I've had dogs of varying temperaments and training all my life. I had one I took to dog parks until there was a mauling (not my dog) and the blood stains on the grass convinced me that I was playing Russian Roulette.

I now have a dog with his CGC since he was a puppy, two AKC retriever test titles and working on a third, we work with a professional obedience trainer and we're going into the competition obedience ring as soon as we work out some quirks and do a little more proofing. If you count hand signals as well as words, he knows about 40 specific commands. At this moment he is on a down at my feet as the football team walks by yelling "Good Dog" and "Hey Puppy"; they are carrying boxes of donuts. He has no aggression or anxiety issues; he is a very stable, predictable dog. I would NEVER take him to a dog park. Period.

This dog park is a BAD PLACE. I hope I don't upset you, but you've certainly played a role in that. Dogs are mounting each other, snapping, chasing aggressively, and disciplining themselves AS A PACK. I'm not even a big Leader of the Pack/Be The Alpha nut, but when dogs run in a pack and decide how and when to discipline each other, you're going to have trouble--and if that pack is running on ground where some dogs know each other, and some dogs don't, and some dogs have issues and some dogs don't, and some dogs consider the park THEIR territory, and these dogs come and go... and it's a substitute for honest exercise... and the owners are oblivious...

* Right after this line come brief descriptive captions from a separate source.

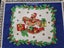 Set of Four Vintage Christmas Placemats Table Mats Teddies Carousel 3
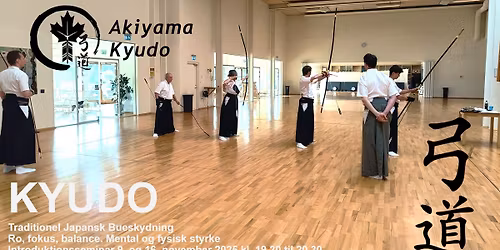 Introduktionskursus til Kyudo - Fyn \/ Jylland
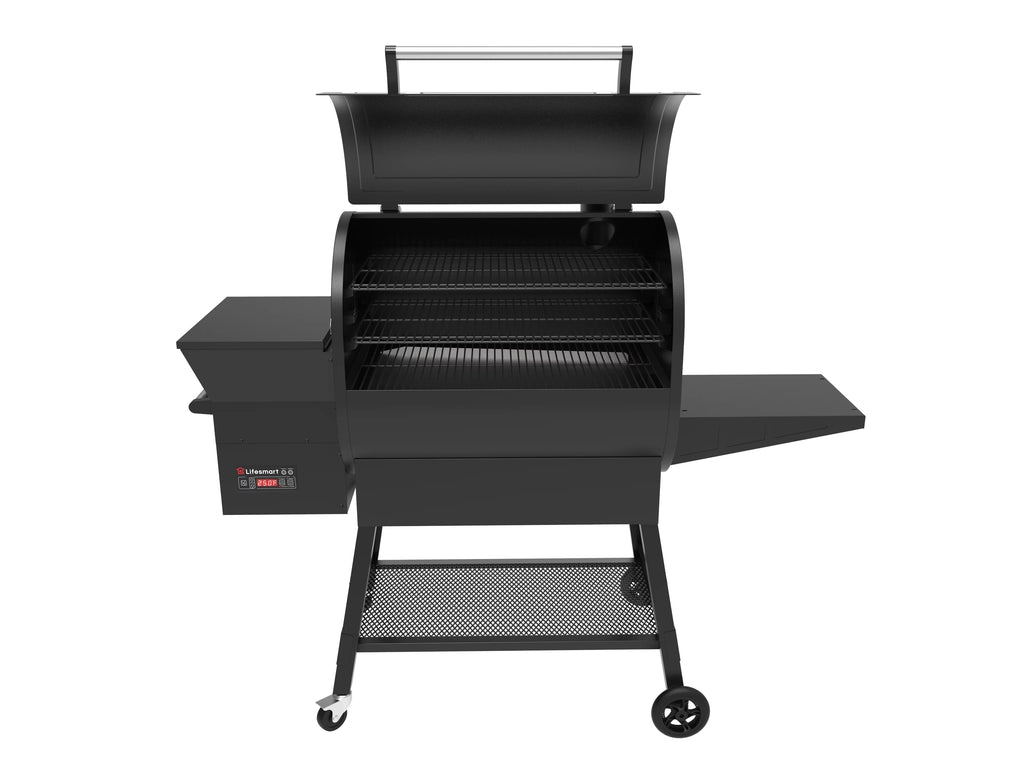 1500 Square Inch Pellet Grill and Smoker with 3 Cooking Racks E408
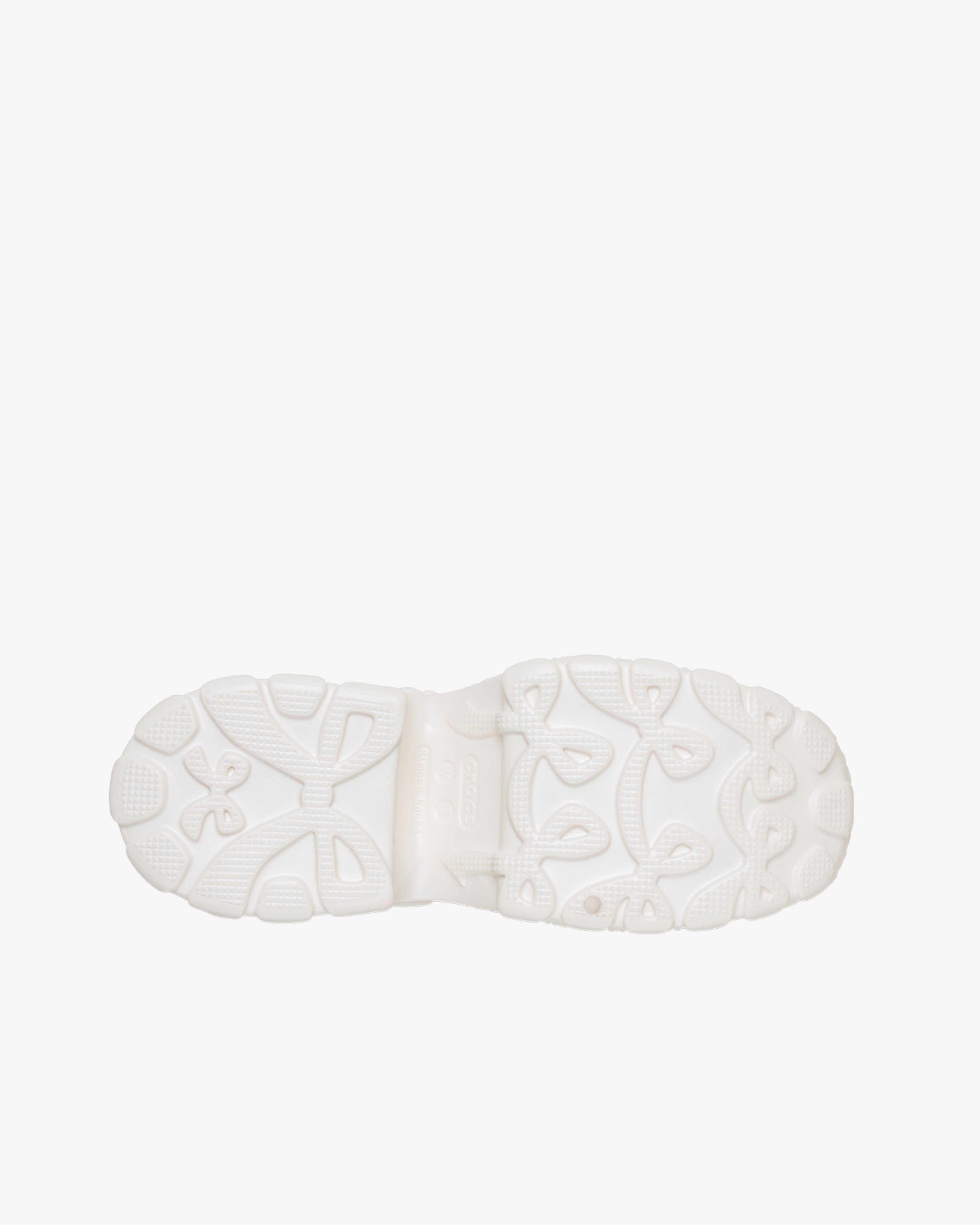 SIMONE ROCHA X CROCS: SR X Crocs Ballerina Platform (White) | DSMG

Well, some dog or some person is going to be injured or killed. It's just a matter of time. The only way to be sure that you and your dog won't be on one end of a tragedy at this place is to STAY AWAY.

Even if you did learn how to handle your own anxious, potentially aggressive, high-strung, dominant dog with a mounting habit in that situation (and I don't doubt that you could! Dogs are amazing, and you may very well turn into a perceptive and sensitive handler, who am I to think otherwise?)well, you couldn't handle everyone else's dogs and their own behavior and training issues, too.

This is not so much an aggression issue as a dog park and education issue. This is not a change in your dog's behavior--it's a change in his environment, and aspects of his personality and training and experiences are exhibiting themselves.

My advice: STAY AWAY FROM THE DOG PARK.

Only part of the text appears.